Maymun maması diyeti
“sinirli genç” olarak da bilinen adam scott sadece maymunların ihtiyaç duyduğu besinleri içeren maymun maması yiyordu ve “belki kilo veririm, belki maymun kadar güçlü olurum. belki de sadece deliririm.” diyordu. diyet takıntılılarının aradığı cevap bu olabilir belki de. bir sonraki öğün için endişelenmeye gerek yok. ne kadar karbonhidrat ve kalori aldıklarını düşünmeleri gerekmeyecek. yemek pişirmeye gerek kalmayacak. marketlerde dolaşıp alışveriş yapmaya gerek duyulmayacak.
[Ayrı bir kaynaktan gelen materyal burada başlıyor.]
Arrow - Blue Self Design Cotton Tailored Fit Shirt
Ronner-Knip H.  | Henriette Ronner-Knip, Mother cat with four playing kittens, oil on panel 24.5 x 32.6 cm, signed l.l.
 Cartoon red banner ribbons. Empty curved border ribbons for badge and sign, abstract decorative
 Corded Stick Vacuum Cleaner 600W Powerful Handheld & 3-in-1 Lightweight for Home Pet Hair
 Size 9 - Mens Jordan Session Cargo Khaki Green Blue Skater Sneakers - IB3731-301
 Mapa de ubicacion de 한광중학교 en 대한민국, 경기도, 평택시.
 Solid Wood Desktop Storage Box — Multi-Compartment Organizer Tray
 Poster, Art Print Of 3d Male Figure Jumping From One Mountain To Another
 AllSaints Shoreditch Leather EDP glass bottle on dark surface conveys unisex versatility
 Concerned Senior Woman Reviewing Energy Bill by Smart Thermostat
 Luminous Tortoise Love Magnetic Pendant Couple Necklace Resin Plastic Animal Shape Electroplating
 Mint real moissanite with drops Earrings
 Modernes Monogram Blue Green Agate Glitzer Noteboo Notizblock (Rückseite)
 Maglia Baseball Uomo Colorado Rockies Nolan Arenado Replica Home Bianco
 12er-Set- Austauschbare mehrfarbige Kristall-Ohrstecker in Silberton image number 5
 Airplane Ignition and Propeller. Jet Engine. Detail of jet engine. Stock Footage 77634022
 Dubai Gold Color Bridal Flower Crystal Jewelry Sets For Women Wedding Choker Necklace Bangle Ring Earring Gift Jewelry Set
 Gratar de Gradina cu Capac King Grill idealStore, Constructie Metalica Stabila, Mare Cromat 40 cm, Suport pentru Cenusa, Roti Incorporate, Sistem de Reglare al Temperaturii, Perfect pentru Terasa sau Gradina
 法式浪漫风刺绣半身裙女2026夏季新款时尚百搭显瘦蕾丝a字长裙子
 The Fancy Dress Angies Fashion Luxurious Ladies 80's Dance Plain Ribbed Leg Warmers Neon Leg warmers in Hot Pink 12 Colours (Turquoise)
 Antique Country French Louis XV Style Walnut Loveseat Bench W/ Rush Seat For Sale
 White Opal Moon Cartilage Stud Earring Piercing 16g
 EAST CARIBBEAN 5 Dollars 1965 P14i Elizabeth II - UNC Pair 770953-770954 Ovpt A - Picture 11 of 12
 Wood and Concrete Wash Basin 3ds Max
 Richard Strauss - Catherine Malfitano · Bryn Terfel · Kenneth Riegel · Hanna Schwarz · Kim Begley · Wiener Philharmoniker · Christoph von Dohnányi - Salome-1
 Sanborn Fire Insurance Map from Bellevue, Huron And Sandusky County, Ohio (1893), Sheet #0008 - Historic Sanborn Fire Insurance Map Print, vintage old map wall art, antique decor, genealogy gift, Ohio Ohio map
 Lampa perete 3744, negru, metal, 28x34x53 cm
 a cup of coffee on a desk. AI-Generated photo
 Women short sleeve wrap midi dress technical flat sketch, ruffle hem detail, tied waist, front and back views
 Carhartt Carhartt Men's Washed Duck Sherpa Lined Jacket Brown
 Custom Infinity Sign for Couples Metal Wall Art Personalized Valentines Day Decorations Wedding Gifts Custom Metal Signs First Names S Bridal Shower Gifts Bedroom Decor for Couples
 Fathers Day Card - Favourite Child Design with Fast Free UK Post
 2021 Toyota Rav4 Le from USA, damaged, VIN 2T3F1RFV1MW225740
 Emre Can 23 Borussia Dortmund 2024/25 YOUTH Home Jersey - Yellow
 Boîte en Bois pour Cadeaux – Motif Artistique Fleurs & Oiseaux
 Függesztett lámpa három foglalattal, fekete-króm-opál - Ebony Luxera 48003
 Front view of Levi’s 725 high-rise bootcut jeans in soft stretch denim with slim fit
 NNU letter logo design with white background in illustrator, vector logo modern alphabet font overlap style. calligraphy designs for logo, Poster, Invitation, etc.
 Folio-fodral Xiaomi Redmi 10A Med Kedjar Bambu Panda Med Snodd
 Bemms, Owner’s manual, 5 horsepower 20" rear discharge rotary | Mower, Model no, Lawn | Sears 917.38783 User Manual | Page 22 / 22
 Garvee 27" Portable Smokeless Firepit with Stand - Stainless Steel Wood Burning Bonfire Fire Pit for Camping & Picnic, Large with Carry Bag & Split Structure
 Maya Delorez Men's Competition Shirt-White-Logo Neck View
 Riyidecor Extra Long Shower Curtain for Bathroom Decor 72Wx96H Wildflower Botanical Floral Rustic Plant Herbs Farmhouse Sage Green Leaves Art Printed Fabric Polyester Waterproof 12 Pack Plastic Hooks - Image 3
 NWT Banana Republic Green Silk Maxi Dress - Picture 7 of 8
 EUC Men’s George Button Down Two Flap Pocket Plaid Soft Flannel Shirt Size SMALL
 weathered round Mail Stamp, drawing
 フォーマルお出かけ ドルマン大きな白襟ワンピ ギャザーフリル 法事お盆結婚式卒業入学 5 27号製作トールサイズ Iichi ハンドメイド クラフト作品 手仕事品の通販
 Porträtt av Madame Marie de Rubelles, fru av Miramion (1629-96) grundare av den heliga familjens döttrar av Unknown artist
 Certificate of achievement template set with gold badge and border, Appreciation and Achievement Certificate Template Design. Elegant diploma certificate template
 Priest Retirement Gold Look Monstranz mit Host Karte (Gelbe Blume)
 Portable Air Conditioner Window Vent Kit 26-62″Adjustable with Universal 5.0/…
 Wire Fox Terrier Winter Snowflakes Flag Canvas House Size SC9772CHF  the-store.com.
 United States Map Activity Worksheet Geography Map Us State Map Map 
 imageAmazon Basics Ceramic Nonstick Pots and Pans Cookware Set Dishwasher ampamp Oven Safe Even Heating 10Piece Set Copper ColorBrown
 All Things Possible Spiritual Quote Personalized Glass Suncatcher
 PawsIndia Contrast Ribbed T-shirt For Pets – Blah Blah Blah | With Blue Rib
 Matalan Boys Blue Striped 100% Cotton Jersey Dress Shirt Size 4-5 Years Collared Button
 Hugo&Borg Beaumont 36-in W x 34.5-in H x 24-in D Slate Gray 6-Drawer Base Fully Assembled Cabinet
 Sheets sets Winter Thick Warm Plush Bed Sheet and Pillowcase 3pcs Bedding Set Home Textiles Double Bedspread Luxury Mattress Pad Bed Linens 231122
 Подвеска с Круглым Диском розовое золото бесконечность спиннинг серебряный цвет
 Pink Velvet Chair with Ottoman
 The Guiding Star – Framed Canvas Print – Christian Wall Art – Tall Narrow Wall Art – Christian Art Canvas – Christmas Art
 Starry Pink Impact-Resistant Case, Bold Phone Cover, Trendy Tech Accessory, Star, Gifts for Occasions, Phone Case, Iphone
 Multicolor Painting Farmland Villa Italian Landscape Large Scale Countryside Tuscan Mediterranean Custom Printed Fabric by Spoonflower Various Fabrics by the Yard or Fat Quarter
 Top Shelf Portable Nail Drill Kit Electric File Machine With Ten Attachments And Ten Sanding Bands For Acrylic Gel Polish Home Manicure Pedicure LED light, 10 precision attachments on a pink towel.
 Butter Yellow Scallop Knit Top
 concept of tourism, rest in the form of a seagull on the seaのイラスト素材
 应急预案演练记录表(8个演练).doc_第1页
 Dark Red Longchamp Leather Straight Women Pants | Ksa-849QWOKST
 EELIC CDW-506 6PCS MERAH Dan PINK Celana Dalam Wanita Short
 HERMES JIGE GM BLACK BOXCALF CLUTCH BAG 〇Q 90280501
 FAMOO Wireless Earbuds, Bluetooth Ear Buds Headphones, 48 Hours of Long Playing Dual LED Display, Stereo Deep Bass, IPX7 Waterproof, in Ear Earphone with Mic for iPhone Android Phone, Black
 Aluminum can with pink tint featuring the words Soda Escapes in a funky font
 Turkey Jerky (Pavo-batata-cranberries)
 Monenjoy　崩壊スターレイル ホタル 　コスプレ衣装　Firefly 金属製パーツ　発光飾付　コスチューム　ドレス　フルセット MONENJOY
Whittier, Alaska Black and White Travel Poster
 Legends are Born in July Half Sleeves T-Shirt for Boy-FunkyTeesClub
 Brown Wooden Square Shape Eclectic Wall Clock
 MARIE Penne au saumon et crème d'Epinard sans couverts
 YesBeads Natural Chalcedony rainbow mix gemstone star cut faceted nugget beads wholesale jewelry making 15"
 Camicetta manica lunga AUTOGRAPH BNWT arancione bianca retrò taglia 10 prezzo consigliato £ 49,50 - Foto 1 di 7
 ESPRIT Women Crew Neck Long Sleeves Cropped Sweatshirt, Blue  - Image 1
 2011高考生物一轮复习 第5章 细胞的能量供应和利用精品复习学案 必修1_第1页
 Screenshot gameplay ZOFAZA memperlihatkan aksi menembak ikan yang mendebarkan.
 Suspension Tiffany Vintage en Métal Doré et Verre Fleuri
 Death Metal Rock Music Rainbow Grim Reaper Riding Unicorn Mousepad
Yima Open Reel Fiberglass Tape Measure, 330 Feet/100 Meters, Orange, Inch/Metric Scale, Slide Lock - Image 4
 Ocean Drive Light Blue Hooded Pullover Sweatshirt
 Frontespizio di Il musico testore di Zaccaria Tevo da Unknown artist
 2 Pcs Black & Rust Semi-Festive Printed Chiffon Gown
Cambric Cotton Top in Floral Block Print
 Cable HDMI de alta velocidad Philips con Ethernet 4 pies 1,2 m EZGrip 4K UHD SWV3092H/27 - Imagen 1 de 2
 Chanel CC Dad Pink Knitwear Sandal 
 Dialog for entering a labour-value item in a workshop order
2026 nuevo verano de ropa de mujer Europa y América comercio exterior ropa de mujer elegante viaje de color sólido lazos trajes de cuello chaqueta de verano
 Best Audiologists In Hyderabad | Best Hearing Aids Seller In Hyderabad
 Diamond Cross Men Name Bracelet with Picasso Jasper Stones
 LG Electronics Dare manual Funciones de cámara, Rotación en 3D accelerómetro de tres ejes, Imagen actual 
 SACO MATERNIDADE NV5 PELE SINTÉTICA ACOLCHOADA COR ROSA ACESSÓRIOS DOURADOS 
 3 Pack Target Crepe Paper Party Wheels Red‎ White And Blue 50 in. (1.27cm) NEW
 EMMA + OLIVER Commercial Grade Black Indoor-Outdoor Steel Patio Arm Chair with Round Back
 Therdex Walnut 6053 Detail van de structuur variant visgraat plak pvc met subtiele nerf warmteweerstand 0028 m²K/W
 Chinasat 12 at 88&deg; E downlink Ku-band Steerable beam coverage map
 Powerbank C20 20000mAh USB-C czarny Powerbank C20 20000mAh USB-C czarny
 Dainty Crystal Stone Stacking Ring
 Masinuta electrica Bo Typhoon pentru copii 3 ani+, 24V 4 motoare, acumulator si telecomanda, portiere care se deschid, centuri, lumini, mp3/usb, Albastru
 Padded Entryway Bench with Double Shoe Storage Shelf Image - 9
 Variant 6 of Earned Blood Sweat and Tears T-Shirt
tabi bu diyetin de bazı sorunları var. 5. günde tuvalete çıkmakta zorlandığını belirten adam, belki de işlenmemiş %2,5’luk liflerin bunda bir etkisi olabileceğini söylüyor.
Güneş diyeti
The breatharian diet olarak bilinen bu diyet, hiçbir gıda ve su olmadan, sadece gün ışığı, hava ve yaşam gücüyle insan vücudunun tüm gereksinimlerinin karşılanabileceğini söylüyor. birleşmiş devletler’deki “the breatharian ınstitute of america” geçen birkaç yıldan beri bu diyetin açlık ya da oruçla ilişkilendirildiğini söylüyor. 90’larda bu diyeti deneyen avrupalı birkaç kişi, gıda yokluğu sebebiyle susuzluktan öldü. ancak birçok breatharian yaşamak için hiçbir gıdaya ihtiyaç duyulmadığını savunuyor. bitkisel çayların ve suyun güneş ile birleşiminin onları hayatta tutmak için yeterli olduğunu söylüyorlar; ancak bu şekilde yaşadığını iddia edenlerin hiçbiri doktorlar tarafından test edilmeyi kabul etmiyor.
Shangri la diyeti
Shangri la diyet kitabı şimdiye kadar yazılmış en ilginç diyet kitaplarından biri. yazar seth roberts, diyetin her gün şeker ve saf zeytinyağıyla alınan 100 ile 400 kaloriden oluştuğunu söylüyor. bu miktar bir seferde de alınabilir ya da gün boyunca istenen aralıklarla da alınabilir. bunun tam bir tat duyusu olmayan bir zamanda yani, herhangi bir tat duyusu yaratan yiyecekten bir saat önce ve bir saat sonra yapılması gerekiyor. bu tatsız kaloriler alındıktan sonra kilo kaybı oluşturmaya başlıyor. bundan sonra da kalori saymaya, yasaklı yemeklere, yemek planlarına, açlıklara son.
kitabın yazarı, tsinghua universitesi’nde profesörlük yapan ve uc berkley’de emeritus profesör olan seth roberts sayesinde, bu kitap new york times’ın en çok satan kitaplarından biri haline geldi.
İncil diyeti
İncil diyeti, aynı zamanda “yaratıcının diyeti” olarak da biliniyor. diyetle aynı ismi taşıyan kitabın yazarı jordan s. rubin; leviticus, deuteronomy ve incilin diğer kitaplarındaki öğretileri benimseyerek, tanrı’nın izin verdiği ve yasakladığı yemeklerden yola çıkarak yazmış bu kitabı. bu diyette bahsi geçen gıdalar; organik sebzeler, meyveler ve bakliyatlar olarak belirtiliyor ve kitapta kişilere sadece tanrı’nın insanoğlu yesin diye yarattığı bu ürünleri yemeleri gerektiğini söylüyor. bu, hiçbir işlemden geçmemiş ürünleri tüketmek demek oluyor. bu beslenme şeklinin kanseri ve kalp hastalıklarını önlediği ve günümüzdeki beslenme alışkanlıklarının sebep olduğu hızlı yaşlanma sürecini de tersine çevirdiği söyleniyor.
Her diyet yapan kişi, dudaklardan bir dakikada geçen yiyeceğin, kalçada bir ömür boyu kalabileceğini bilir; fakat artık bu söz mazide kaldı. dudak parlatıcılarının üretilmeye başlamasıyla kadınların kilo verdikleri ortaya çıktı. hatta dudak parlatıcıları, “her zaman dudaklarda, kalçada ise asla” şeklinde bir slogan ile satıldı. “guilt-free” gibi bazı dudak parlatıcılarının, metabolizmayı hızlandırıp, enerji verdiği iddia ediliyor. en önemli maddelerden biri de supercitrimax. açlık hissini yok edip, vücudun karbonhidratları yağa çevirmesini önlüyor.